- [EXERCISE GOAL]:
Your task is to copy the stretch of lines in the records below that begins with the line containing "Roter Schild Türkei" and ends with the line containing "LCWAIKIKI Classic Siyah", exactly as written, with nothing added.

***** INFORMATION SHOWN *****

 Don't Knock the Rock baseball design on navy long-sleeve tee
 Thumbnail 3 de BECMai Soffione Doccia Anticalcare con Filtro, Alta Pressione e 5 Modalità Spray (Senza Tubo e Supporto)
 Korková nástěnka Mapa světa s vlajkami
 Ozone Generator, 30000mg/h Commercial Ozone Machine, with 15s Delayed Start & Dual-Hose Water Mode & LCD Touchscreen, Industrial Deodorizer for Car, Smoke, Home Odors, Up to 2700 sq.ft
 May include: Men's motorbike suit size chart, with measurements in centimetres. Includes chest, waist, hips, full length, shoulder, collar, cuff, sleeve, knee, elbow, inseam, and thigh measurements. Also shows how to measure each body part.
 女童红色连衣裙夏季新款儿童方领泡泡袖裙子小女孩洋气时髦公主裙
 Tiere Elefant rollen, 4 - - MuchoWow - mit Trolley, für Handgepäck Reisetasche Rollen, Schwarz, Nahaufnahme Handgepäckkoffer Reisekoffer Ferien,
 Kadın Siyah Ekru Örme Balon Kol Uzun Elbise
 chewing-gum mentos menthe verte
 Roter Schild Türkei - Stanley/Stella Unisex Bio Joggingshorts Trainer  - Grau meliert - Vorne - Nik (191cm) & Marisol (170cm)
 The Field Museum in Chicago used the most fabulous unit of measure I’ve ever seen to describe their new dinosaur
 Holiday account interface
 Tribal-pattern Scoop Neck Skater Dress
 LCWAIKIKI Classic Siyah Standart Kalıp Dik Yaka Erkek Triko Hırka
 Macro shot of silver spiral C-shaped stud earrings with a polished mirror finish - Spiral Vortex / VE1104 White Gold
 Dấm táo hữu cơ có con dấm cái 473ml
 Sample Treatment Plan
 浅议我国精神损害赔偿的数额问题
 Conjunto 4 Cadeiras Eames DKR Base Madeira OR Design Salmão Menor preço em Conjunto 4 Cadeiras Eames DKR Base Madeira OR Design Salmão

*****

- [ANSWER BOX]:
 Roter Schild Türkei - Stanley/Stella Unisex Bio Joggingshorts Trainer  - Grau meliert - Vorne - Nik (191cm) & Marisol (170cm)
 The Field Museum in Chicago used the most fabulous unit of measure I’ve ever seen to describe their new dinosaur
 Holiday account interface
 Tribal-pattern Scoop Neck Skater Dress
 LCWAIKIKI Classic Siyah Standart Kalıp Dik Yaka Erkek Triko Hırka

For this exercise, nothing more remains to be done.